=== Section Start ===
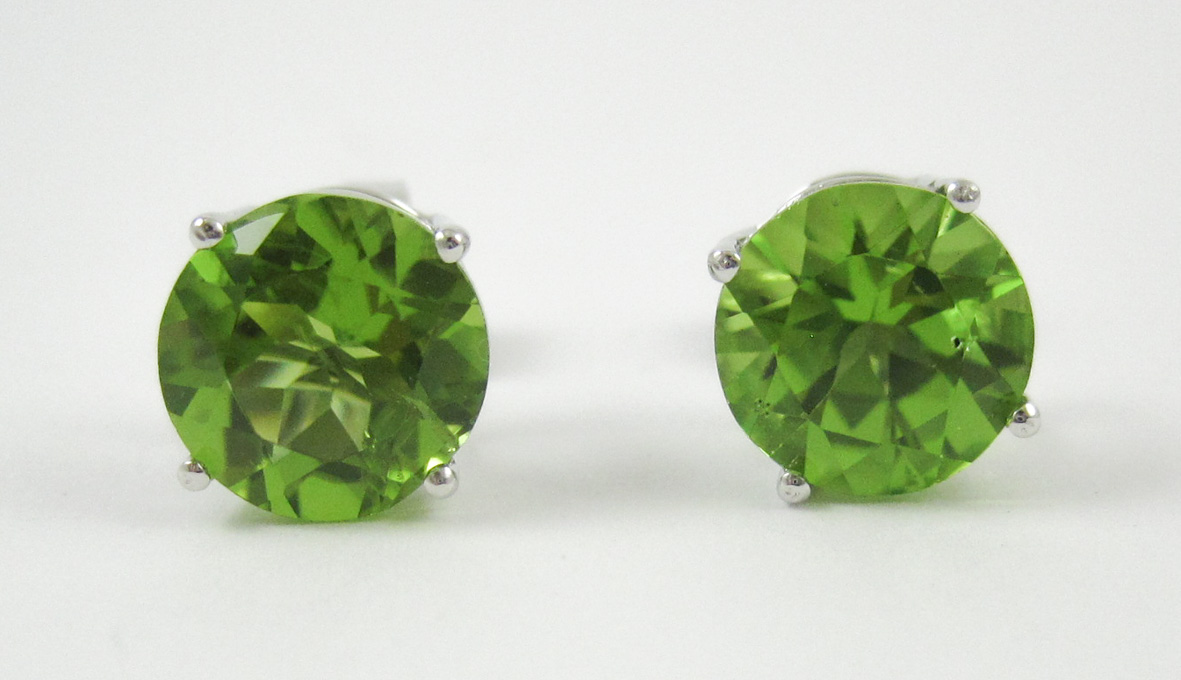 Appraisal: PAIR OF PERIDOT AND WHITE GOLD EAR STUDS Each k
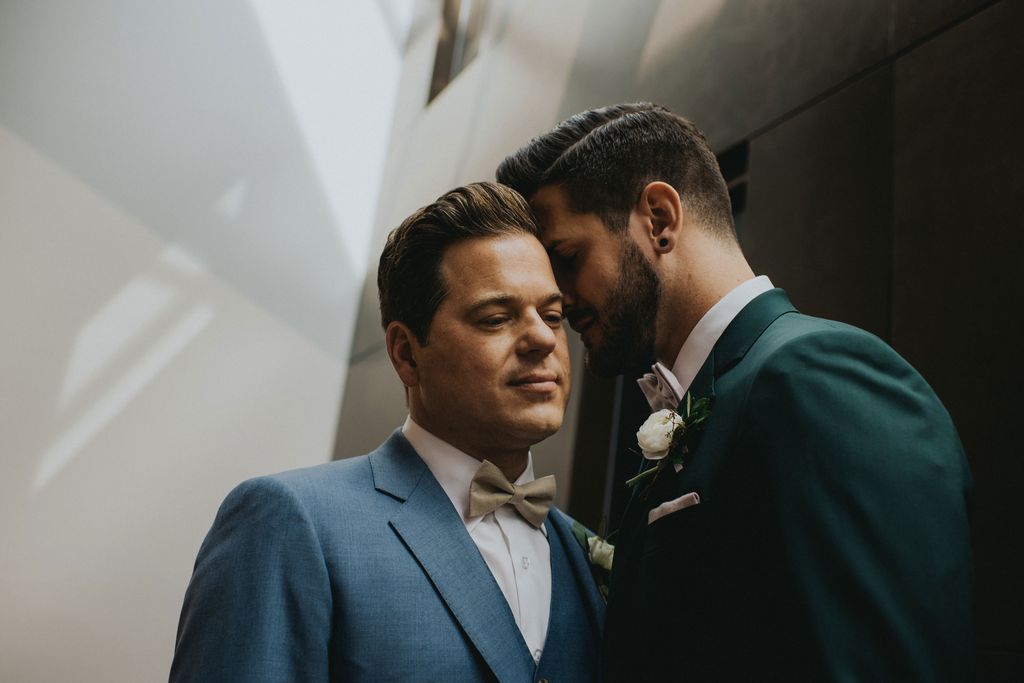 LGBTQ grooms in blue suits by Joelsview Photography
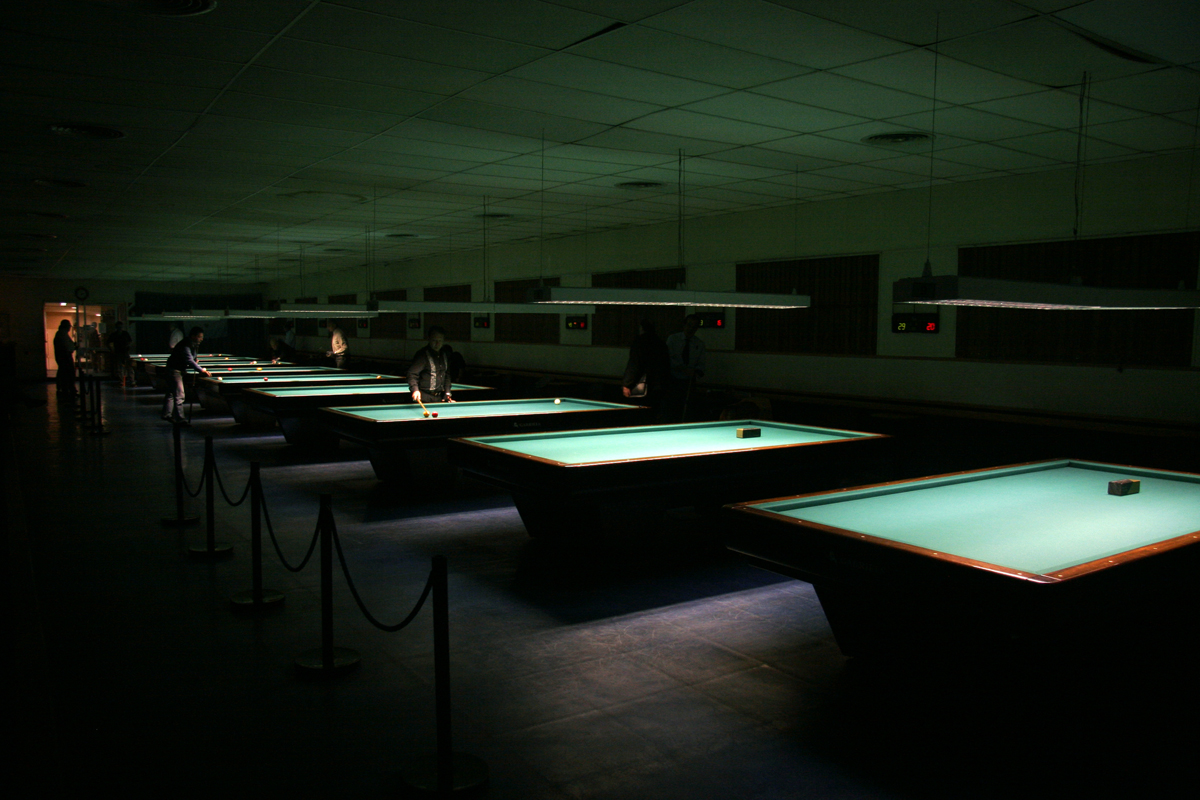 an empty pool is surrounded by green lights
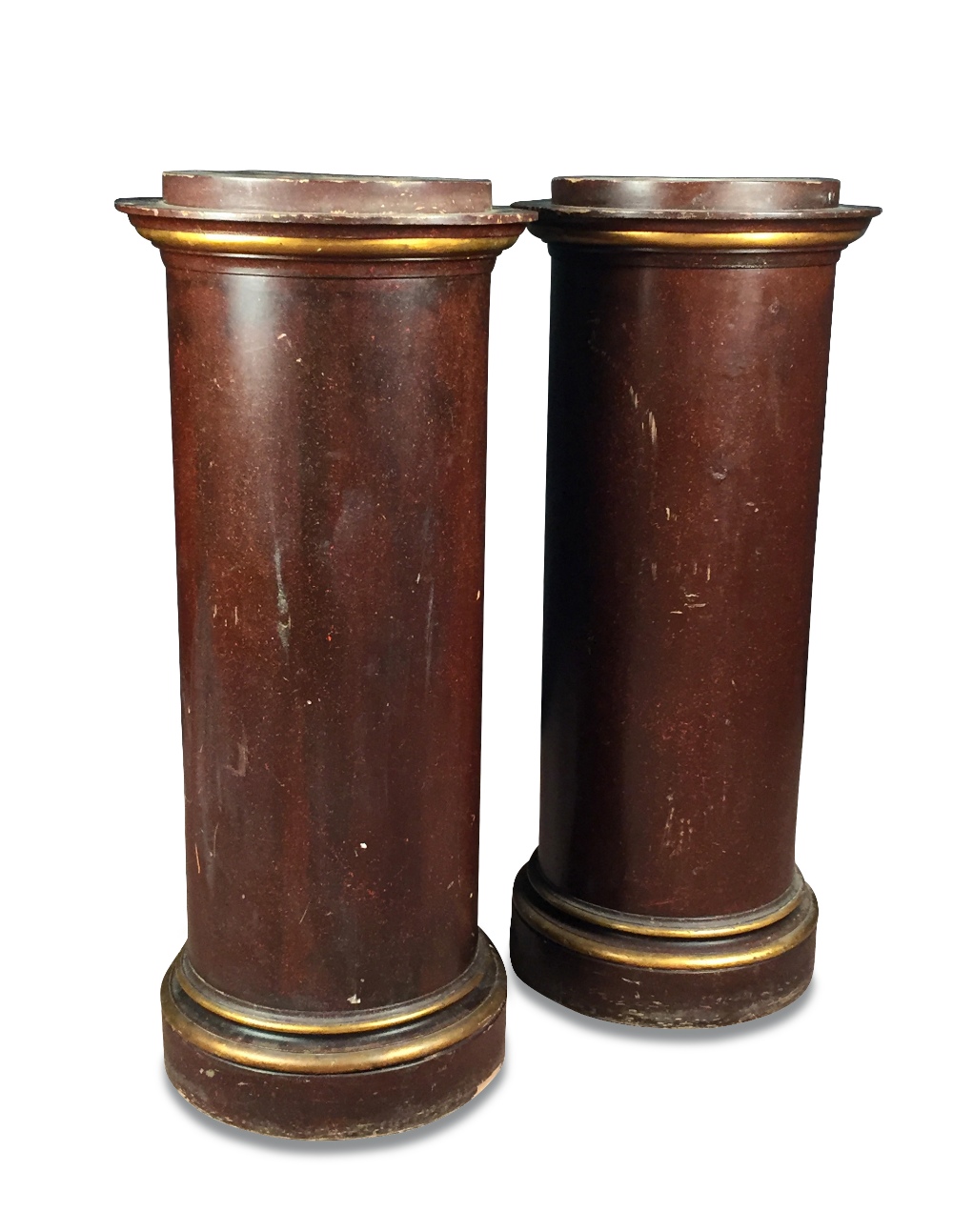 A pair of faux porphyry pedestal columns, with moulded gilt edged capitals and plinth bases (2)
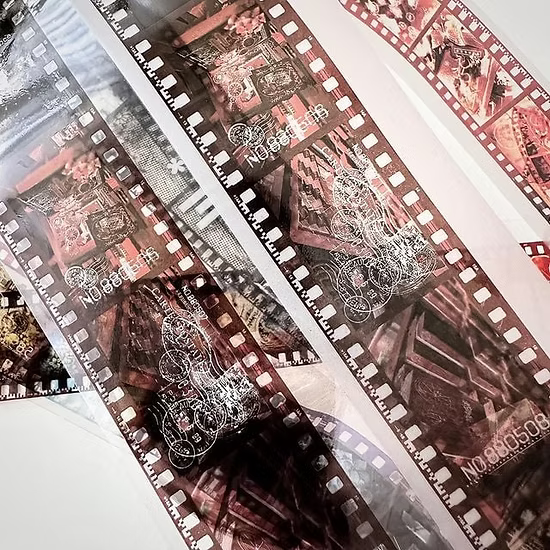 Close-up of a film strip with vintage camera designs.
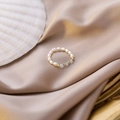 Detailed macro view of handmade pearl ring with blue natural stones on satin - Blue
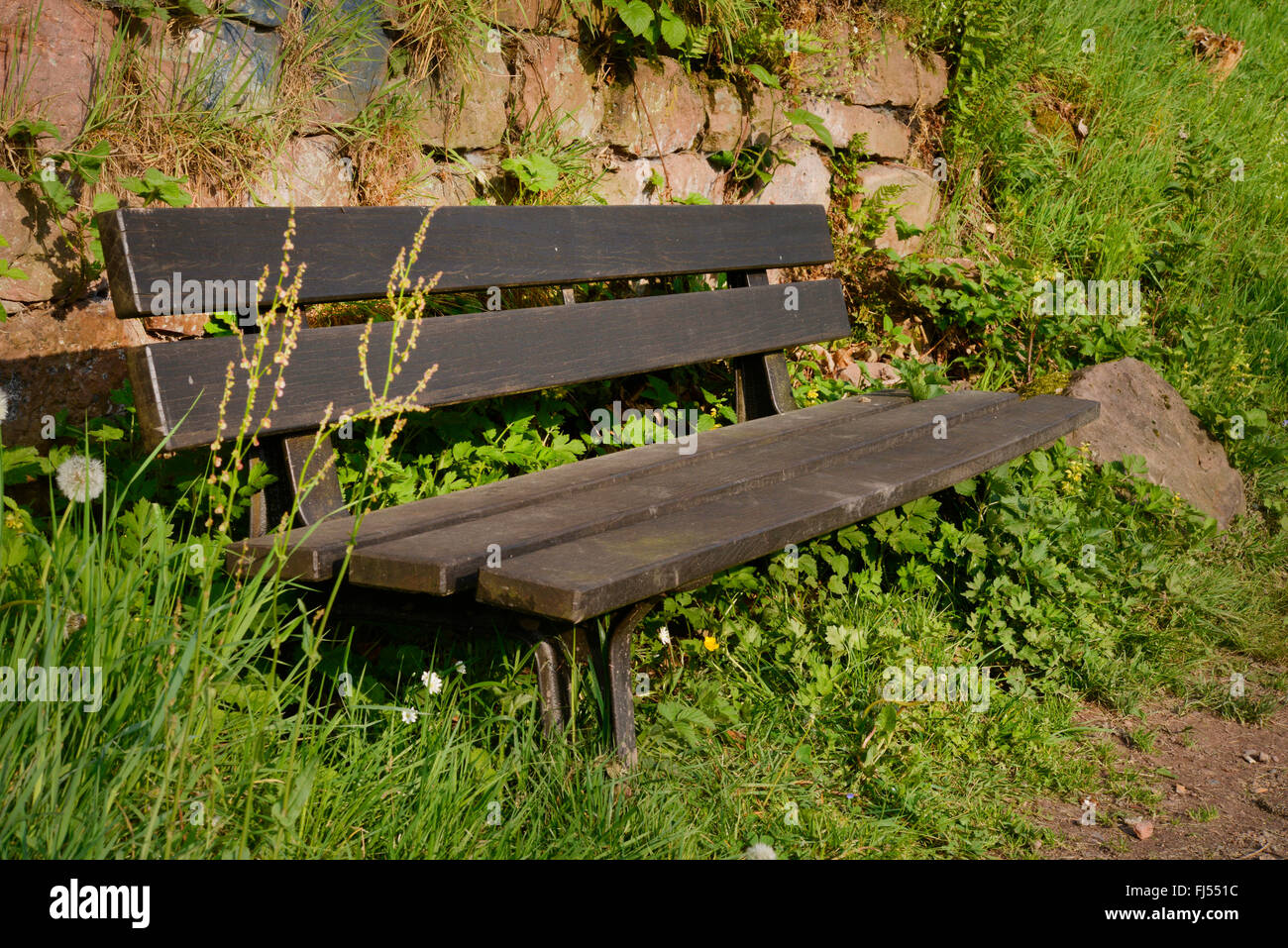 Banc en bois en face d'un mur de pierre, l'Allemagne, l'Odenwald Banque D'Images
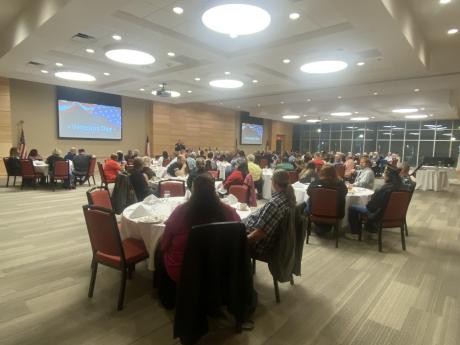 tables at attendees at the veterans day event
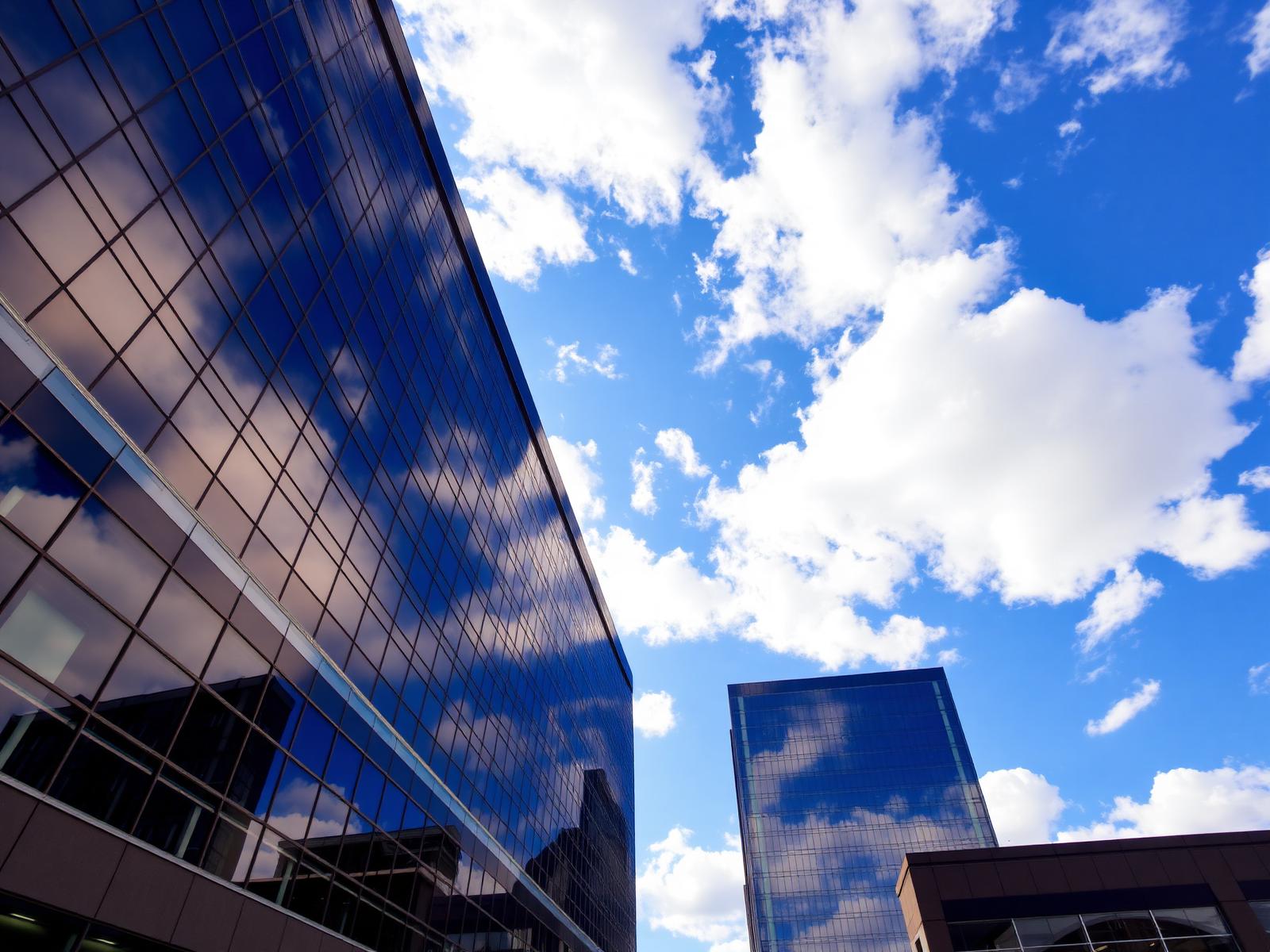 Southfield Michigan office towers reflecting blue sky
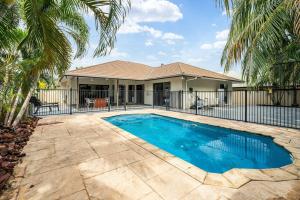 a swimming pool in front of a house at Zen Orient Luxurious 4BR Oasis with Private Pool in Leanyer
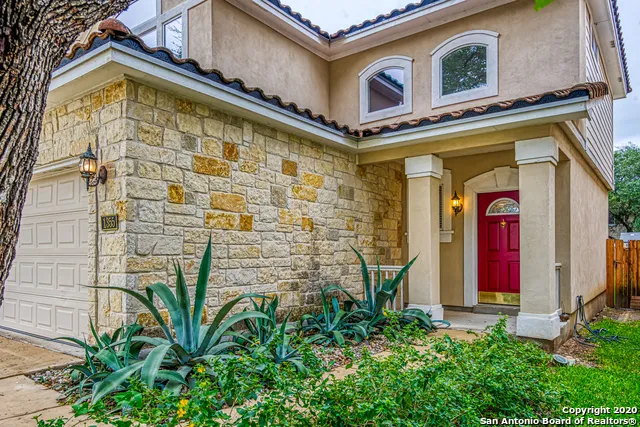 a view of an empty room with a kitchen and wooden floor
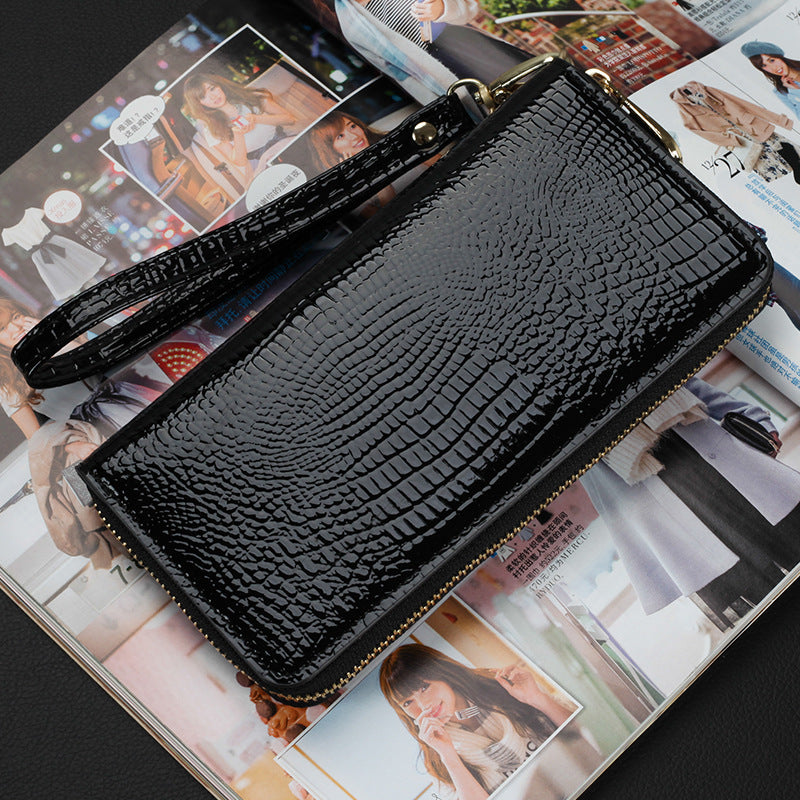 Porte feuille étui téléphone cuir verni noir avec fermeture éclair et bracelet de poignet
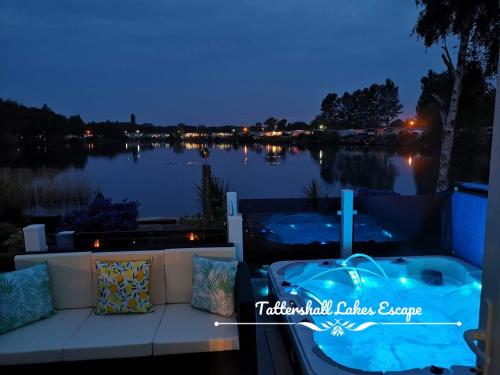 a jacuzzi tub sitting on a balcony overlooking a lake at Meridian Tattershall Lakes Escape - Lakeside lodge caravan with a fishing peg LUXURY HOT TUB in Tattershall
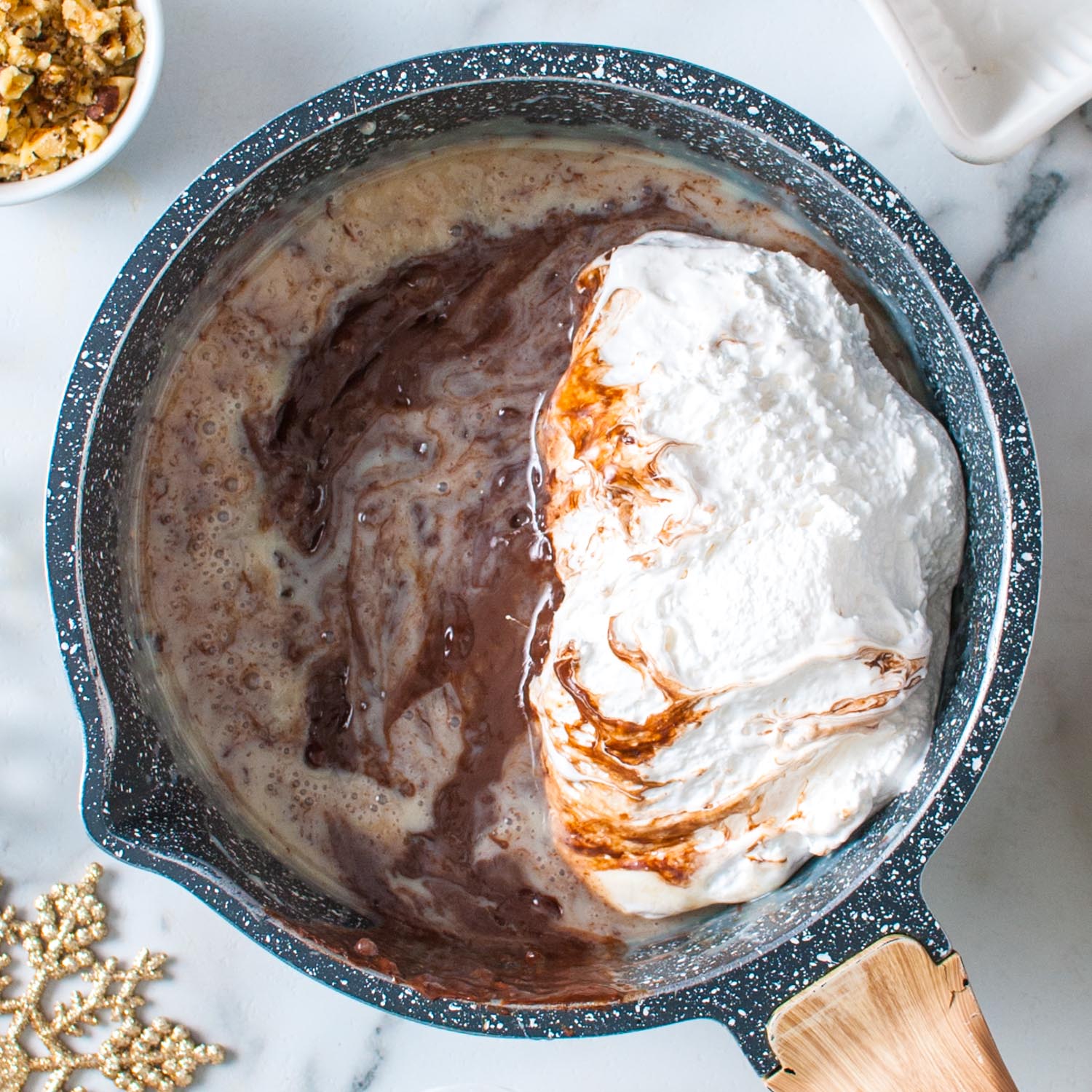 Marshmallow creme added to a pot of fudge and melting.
=== Section End ===
Your task:
Repeat each line of the records exactly. Do not include the pictures.

The answer:
 Appraisal: PAIR OF PERIDOT AND WHITE GOLD EAR STUDS Each k
 LGBTQ grooms in blue suits by Joelsview Photography
 an empty pool is surrounded by green lights
 A pair of faux porphyry pedestal columns, with moulded gilt edged capitals and plinth bases (2)
 Close-up of a film strip with vintage camera designs.
 Detailed macro view of handmade pearl ring with blue natural stones on satin - Blue
 Banc en bois en face d'un mur de pierre, l'Allemagne, l'Odenwald Banque D'Images
 tables at attendees at the veterans day event
 Southfield Michigan office towers reflecting blue sky
 a swimming pool in front of a house at Zen Orient Luxurious 4BR Oasis with Private Pool in Leanyer
 a view of an empty room with a kitchen and wooden floor
 Porte feuille étui téléphone cuir verni noir avec fermeture éclair et bracelet de poignet
 a jacuzzi tub sitting on a balcony overlooking a lake at Meridian Tattershall Lakes Escape - Lakeside lodge caravan with a fishing peg LUXURY HOT TUB in Tattershall
 Marshmallow creme added to a pot of fudge and melting.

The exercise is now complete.